How to complete this task:
The line holding "1.0 Comfort l" and every line after it through the end of the entries below: retype these exactly and nothing more.

Dataset:
%%

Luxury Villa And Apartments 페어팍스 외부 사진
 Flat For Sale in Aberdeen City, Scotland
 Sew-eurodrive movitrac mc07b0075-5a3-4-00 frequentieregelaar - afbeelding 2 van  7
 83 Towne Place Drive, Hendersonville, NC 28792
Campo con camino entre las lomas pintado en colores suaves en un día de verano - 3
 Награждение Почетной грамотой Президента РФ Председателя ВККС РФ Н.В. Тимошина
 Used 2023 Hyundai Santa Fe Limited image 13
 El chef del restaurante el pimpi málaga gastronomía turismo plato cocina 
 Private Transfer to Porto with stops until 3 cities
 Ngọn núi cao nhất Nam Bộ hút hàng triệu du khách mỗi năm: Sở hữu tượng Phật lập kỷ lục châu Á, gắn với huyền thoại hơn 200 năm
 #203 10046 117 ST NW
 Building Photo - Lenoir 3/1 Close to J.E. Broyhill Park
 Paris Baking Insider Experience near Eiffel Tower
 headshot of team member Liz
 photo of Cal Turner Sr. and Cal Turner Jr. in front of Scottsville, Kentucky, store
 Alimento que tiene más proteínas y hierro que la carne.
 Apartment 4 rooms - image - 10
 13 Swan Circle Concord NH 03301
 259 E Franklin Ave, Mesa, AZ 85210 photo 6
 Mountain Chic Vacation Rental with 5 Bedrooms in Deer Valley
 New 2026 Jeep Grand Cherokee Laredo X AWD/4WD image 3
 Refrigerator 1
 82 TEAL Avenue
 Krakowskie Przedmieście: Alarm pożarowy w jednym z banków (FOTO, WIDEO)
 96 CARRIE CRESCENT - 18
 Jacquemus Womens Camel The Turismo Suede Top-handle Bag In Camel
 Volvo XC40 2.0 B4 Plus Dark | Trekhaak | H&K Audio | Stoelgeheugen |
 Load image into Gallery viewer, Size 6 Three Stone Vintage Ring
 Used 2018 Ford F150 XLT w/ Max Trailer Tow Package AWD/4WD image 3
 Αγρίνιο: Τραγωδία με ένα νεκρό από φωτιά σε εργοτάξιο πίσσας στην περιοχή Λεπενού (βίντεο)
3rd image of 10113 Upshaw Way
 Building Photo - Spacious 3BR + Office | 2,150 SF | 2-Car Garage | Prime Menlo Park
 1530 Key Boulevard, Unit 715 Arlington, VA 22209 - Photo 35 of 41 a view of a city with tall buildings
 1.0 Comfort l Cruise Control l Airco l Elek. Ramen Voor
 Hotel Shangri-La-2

%%

Solution to the problem:
 1.0 Comfort l Cruise Control l Airco l Elek. Ramen Voor
 Hotel Shangri-La-2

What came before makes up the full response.